How do I know whether my mood swings are hormonal or something else?

Uncertain · Moderate evidence

The cyclical pattern of your symptoms is the best distinguishing factor: if they occur only in the two weeks before your period and disappear afterwards, a hormonal cause is most likely. Track your symptoms over several cycles, and if they persist outside that window, discuss this with your GP.

The full answer

The most reliable clue is the timing of your symptoms. Hormonal mood swings caused by PMS or PMDD occur exclusively in the second half of your cycle (the two weeks before your period) and disappear as soon as your period starts. Track your symptoms for at least two cycles in a diary or app: record your mood, irritability and any crying spells each day, and mark when your period begins. If you see a clear cyclical pattern, a hormonal cause is most likely. If the symptoms do not disappear after your period and you have them for almost the entire month, that points more toward depression or another mood disorder than toward PMS or PMDD.

How severe can these hormonal symptoms be? Mild mood swings around your period are very common, but some women are affected more seriously. Around 3 to 8 percent meet the criteria for severe PMS; approximately 2 percent have PMDD, a more serious form in which symptoms considerably disrupt daily life. PMDD likely also involves individual differences in brain reactivity: in some women, a rising hormone during the luteal phase actually triggers anxiety and mood symptoms, while in others it has a calming effect.

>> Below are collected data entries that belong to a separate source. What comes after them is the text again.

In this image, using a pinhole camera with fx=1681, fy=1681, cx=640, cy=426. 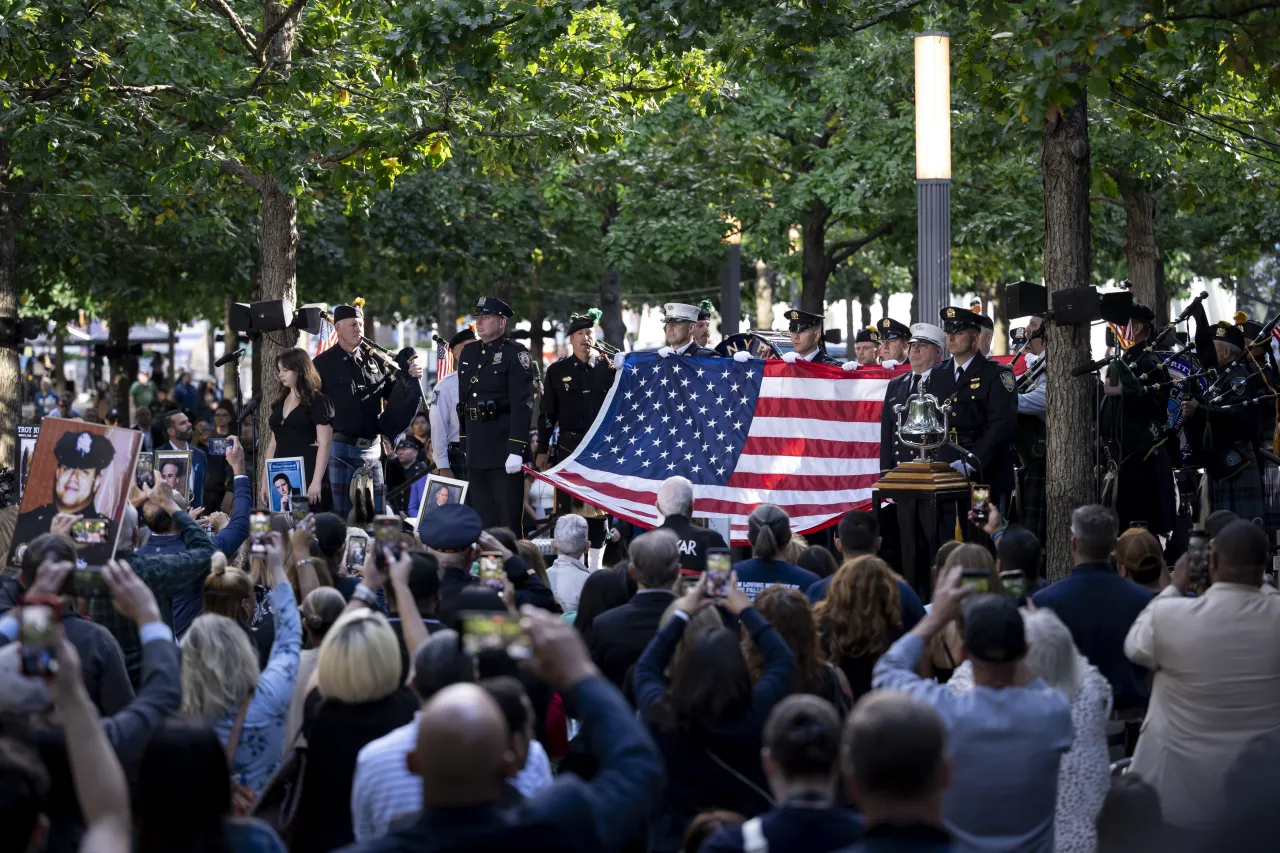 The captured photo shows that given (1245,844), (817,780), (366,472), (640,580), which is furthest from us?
(366,472)

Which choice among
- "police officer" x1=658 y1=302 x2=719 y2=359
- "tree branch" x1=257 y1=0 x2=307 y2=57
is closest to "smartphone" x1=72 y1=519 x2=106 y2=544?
"police officer" x1=658 y1=302 x2=719 y2=359

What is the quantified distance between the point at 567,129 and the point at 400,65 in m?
4.63

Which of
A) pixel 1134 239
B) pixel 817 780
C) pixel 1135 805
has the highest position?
pixel 1134 239

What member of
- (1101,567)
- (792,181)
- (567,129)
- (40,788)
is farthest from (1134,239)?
(40,788)

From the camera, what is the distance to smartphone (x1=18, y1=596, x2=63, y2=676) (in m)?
3.56

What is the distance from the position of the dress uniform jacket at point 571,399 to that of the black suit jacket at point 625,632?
8.48 m

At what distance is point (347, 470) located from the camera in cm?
1316

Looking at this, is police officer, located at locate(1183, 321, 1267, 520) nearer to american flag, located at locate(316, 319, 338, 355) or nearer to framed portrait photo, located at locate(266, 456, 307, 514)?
framed portrait photo, located at locate(266, 456, 307, 514)

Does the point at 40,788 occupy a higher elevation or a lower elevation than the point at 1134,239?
lower

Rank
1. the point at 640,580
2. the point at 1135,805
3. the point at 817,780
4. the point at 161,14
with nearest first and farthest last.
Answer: the point at 817,780 < the point at 1135,805 < the point at 640,580 < the point at 161,14

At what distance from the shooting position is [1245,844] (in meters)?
4.52

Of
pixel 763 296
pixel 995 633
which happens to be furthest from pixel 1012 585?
pixel 763 296

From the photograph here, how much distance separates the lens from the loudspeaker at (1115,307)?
10.4m

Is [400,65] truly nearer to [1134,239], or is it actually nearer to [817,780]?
[817,780] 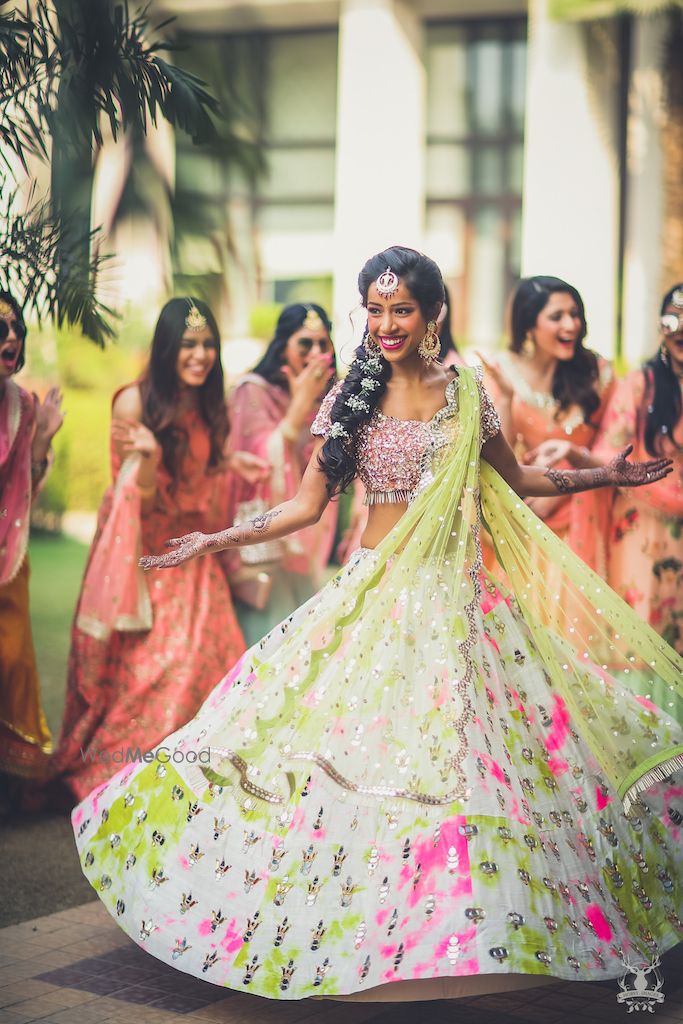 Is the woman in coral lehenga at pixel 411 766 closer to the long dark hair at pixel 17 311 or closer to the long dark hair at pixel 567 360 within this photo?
the long dark hair at pixel 17 311

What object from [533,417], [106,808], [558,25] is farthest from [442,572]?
[558,25]

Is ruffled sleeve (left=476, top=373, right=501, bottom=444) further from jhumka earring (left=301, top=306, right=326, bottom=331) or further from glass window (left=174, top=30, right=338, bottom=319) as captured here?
glass window (left=174, top=30, right=338, bottom=319)

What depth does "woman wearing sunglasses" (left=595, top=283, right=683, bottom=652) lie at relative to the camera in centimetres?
593

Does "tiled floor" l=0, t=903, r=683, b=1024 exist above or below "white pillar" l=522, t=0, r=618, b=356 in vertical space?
below

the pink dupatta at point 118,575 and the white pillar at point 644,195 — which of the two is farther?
the white pillar at point 644,195

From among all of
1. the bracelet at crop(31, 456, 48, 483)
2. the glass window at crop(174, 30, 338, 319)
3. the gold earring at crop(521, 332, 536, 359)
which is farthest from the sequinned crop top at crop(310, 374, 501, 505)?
the glass window at crop(174, 30, 338, 319)

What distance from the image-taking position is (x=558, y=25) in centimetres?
1227

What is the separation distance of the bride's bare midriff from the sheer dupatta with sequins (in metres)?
0.12

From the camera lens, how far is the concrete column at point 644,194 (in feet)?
39.6

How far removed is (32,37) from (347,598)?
6.98ft

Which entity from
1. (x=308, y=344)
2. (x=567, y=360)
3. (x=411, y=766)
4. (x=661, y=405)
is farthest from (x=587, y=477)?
(x=308, y=344)

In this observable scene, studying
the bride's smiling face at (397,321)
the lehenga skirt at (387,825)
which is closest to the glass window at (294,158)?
the bride's smiling face at (397,321)

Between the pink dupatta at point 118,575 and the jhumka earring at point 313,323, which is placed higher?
the jhumka earring at point 313,323

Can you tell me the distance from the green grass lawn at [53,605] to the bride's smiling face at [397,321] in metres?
3.34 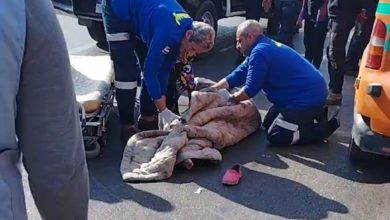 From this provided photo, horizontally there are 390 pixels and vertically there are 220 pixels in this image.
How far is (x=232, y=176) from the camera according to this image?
431cm

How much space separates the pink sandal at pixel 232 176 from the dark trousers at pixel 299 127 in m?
0.59

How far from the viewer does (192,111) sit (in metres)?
4.89

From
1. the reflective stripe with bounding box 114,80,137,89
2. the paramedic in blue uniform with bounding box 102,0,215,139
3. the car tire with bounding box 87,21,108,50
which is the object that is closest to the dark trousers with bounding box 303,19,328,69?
the paramedic in blue uniform with bounding box 102,0,215,139

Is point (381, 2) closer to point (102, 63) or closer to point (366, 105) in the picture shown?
point (366, 105)

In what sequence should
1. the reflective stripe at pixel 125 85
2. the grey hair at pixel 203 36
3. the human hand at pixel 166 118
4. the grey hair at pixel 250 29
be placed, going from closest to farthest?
1. the grey hair at pixel 203 36
2. the human hand at pixel 166 118
3. the grey hair at pixel 250 29
4. the reflective stripe at pixel 125 85

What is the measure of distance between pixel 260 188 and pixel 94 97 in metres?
1.35

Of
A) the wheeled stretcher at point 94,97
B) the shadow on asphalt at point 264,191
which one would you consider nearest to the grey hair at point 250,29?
the shadow on asphalt at point 264,191

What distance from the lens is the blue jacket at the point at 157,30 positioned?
467 centimetres

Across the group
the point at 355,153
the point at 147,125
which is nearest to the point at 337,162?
the point at 355,153

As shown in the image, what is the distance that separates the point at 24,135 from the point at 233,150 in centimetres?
383

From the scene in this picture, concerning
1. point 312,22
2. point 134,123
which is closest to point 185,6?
point 312,22

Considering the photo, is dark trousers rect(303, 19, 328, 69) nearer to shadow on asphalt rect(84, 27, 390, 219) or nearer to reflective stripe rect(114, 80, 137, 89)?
shadow on asphalt rect(84, 27, 390, 219)

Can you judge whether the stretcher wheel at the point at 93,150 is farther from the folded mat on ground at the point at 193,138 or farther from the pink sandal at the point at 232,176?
the pink sandal at the point at 232,176

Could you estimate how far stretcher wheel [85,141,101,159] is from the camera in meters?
4.63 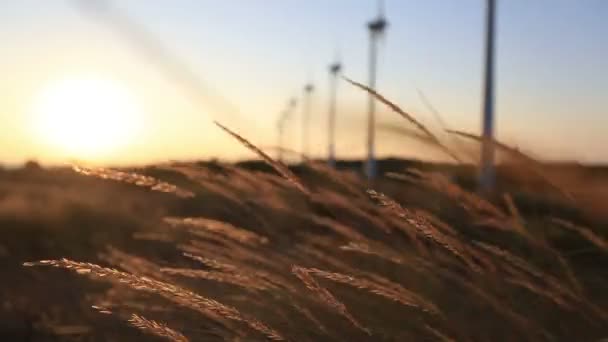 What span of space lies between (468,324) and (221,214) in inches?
401

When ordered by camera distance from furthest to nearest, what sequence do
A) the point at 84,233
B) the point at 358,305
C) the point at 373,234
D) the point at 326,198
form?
the point at 84,233
the point at 373,234
the point at 326,198
the point at 358,305

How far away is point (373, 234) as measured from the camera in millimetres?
5789

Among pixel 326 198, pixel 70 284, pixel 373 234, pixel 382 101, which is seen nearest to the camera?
pixel 382 101

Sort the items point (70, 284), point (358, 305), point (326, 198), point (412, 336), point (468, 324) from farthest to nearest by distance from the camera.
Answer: point (70, 284) → point (326, 198) → point (358, 305) → point (468, 324) → point (412, 336)

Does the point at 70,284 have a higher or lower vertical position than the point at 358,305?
lower

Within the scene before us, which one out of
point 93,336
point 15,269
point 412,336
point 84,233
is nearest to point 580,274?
point 412,336

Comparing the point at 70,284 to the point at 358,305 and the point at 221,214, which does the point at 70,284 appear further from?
the point at 221,214

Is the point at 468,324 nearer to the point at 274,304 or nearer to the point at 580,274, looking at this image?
the point at 274,304

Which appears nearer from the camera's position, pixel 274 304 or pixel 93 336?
Answer: pixel 274 304

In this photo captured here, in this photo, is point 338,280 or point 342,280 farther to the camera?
point 338,280

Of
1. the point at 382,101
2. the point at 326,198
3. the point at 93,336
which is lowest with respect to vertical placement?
the point at 93,336

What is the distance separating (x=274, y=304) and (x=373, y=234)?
2069 mm

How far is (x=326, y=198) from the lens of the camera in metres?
4.05

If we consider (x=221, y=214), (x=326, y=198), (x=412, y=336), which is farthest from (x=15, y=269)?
(x=221, y=214) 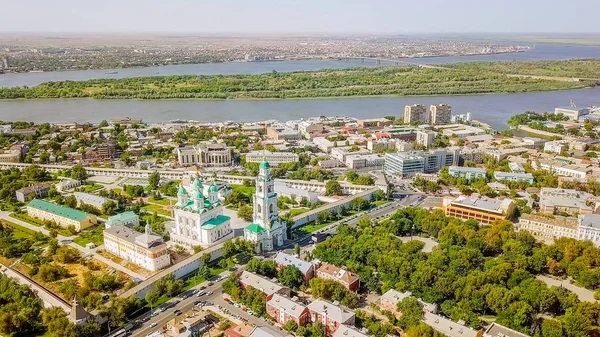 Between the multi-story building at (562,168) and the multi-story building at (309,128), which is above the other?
the multi-story building at (309,128)

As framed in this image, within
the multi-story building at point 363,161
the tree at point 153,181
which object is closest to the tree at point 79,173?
the tree at point 153,181

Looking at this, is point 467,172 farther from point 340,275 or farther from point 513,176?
point 340,275

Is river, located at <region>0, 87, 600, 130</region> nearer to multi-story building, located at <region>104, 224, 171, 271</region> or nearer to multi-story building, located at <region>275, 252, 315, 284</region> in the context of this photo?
multi-story building, located at <region>104, 224, 171, 271</region>

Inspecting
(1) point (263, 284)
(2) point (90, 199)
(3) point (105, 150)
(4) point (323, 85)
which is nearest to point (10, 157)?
(3) point (105, 150)

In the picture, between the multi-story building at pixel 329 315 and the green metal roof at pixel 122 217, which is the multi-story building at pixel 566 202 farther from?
the green metal roof at pixel 122 217

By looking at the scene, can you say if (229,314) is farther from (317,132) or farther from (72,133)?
(72,133)

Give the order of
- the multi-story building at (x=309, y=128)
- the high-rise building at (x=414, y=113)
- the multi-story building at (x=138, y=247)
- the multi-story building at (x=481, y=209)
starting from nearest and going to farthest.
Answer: the multi-story building at (x=138, y=247), the multi-story building at (x=481, y=209), the multi-story building at (x=309, y=128), the high-rise building at (x=414, y=113)

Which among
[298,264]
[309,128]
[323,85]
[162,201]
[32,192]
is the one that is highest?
[323,85] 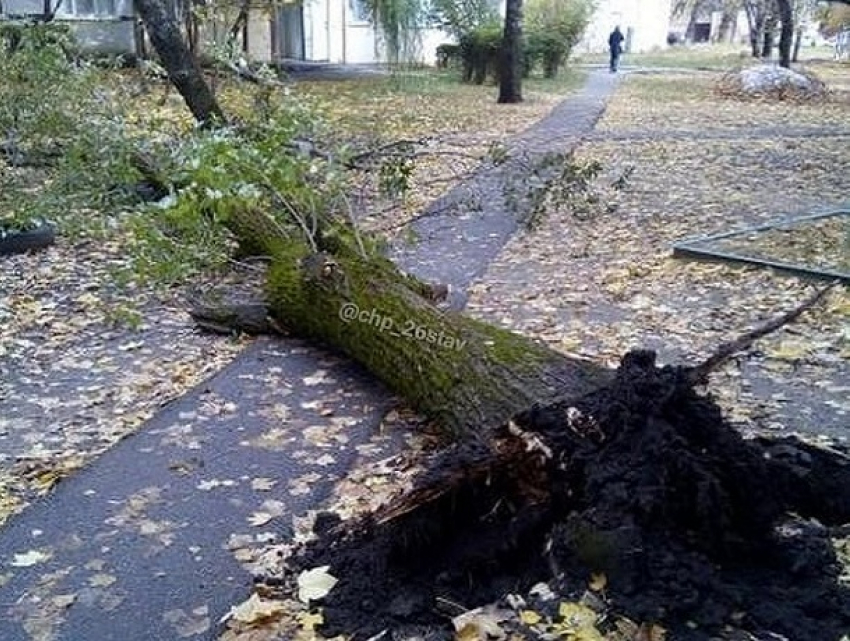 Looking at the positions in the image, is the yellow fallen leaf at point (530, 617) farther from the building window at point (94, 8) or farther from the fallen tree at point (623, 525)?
the building window at point (94, 8)

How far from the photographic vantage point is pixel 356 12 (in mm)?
29750

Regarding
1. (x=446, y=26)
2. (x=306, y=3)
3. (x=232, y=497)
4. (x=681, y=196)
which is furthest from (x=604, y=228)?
(x=306, y=3)

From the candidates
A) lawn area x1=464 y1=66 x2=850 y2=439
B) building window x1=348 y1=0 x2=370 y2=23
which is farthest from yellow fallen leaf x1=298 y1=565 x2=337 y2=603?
building window x1=348 y1=0 x2=370 y2=23

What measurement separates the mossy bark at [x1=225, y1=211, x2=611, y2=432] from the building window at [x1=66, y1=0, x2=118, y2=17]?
17965 millimetres

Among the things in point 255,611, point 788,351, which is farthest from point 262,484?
point 788,351

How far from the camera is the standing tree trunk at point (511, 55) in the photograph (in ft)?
66.9

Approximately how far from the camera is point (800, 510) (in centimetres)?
295

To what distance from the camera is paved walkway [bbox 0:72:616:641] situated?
3121 mm

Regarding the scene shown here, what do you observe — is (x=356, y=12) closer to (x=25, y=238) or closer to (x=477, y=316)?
(x=25, y=238)

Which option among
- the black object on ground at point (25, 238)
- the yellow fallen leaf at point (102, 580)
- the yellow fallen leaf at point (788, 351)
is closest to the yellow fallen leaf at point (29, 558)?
the yellow fallen leaf at point (102, 580)

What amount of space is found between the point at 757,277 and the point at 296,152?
10.3 ft

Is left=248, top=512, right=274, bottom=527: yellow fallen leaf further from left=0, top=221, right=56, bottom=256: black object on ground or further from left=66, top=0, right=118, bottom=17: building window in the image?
left=66, top=0, right=118, bottom=17: building window

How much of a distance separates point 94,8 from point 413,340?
20.0 meters

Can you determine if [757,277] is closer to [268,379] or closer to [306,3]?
[268,379] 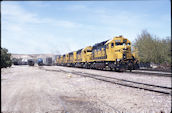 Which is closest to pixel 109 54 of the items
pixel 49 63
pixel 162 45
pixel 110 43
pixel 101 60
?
pixel 110 43

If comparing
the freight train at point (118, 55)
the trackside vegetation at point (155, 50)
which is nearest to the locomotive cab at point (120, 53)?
the freight train at point (118, 55)

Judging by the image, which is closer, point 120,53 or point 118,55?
point 120,53

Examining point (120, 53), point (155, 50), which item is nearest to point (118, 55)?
point (120, 53)

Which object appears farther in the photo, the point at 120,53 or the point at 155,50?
the point at 155,50

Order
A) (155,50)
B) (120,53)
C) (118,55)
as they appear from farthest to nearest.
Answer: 1. (155,50)
2. (118,55)
3. (120,53)

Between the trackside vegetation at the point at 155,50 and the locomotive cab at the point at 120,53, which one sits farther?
the trackside vegetation at the point at 155,50

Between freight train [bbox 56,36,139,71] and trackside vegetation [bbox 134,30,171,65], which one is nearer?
freight train [bbox 56,36,139,71]

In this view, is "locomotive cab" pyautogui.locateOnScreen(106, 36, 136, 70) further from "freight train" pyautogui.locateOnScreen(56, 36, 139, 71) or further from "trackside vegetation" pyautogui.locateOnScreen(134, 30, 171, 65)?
"trackside vegetation" pyautogui.locateOnScreen(134, 30, 171, 65)

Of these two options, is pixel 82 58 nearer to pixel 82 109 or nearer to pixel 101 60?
pixel 101 60

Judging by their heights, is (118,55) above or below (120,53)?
below

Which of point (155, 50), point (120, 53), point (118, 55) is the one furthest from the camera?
point (155, 50)

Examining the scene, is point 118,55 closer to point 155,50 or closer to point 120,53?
point 120,53

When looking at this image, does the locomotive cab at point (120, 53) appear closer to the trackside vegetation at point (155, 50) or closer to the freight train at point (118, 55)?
the freight train at point (118, 55)

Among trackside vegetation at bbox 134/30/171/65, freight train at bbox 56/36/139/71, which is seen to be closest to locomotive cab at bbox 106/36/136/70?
freight train at bbox 56/36/139/71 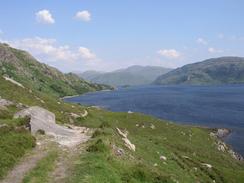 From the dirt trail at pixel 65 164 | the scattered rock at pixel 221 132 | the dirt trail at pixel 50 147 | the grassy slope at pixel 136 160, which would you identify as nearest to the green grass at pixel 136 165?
the grassy slope at pixel 136 160

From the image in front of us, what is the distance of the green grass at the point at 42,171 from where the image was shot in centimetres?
2216

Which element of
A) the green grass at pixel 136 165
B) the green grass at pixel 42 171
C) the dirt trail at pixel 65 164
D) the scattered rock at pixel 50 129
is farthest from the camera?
the scattered rock at pixel 50 129

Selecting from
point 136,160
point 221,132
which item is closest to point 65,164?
point 136,160

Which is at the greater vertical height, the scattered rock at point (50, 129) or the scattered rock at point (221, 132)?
the scattered rock at point (50, 129)

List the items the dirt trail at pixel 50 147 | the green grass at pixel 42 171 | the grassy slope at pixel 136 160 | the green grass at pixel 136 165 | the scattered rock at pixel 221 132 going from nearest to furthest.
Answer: the green grass at pixel 42 171, the dirt trail at pixel 50 147, the green grass at pixel 136 165, the grassy slope at pixel 136 160, the scattered rock at pixel 221 132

Around menopause (roughly between the ages of 45 and 55), mood swings can also be hormonal, but in this case they are caused by declining oestrogen. Even so, the cause here is rarely purely hormonal: sleep problems, pain and psychosocial changes almost always play a role as well. A cyclical pattern is therefore harder to recognise at menopause, because the menstrual cycle itself becomes irregular.

Are there blood tests that can help? Thyroid problems can affect mood, but the evidence for this comes from research in people under extreme circumstances; whether a mild decline in thyroid function causes everyday mood swings cannot be reliably determined from the available research. For bipolar disorder, large clinical studies have found hormonal and inflammatory markers that deviate from the norm, but these are only moderately discriminating and require specialist assessment. A self-test based on blood values is therefore not possible.

The evidence
7 studies · ≈ 8,332 participants

Sources cover PMS/PMDD (strong evidence, causal), menopause (moderate, probably causal), PMDD mechanisms via allopregnanolone (moderate), bipolar disorder and hormone markers (moderate, associative), thyroid and mood (limited, associative). Chocolate cravings as an incidental observation were not used further.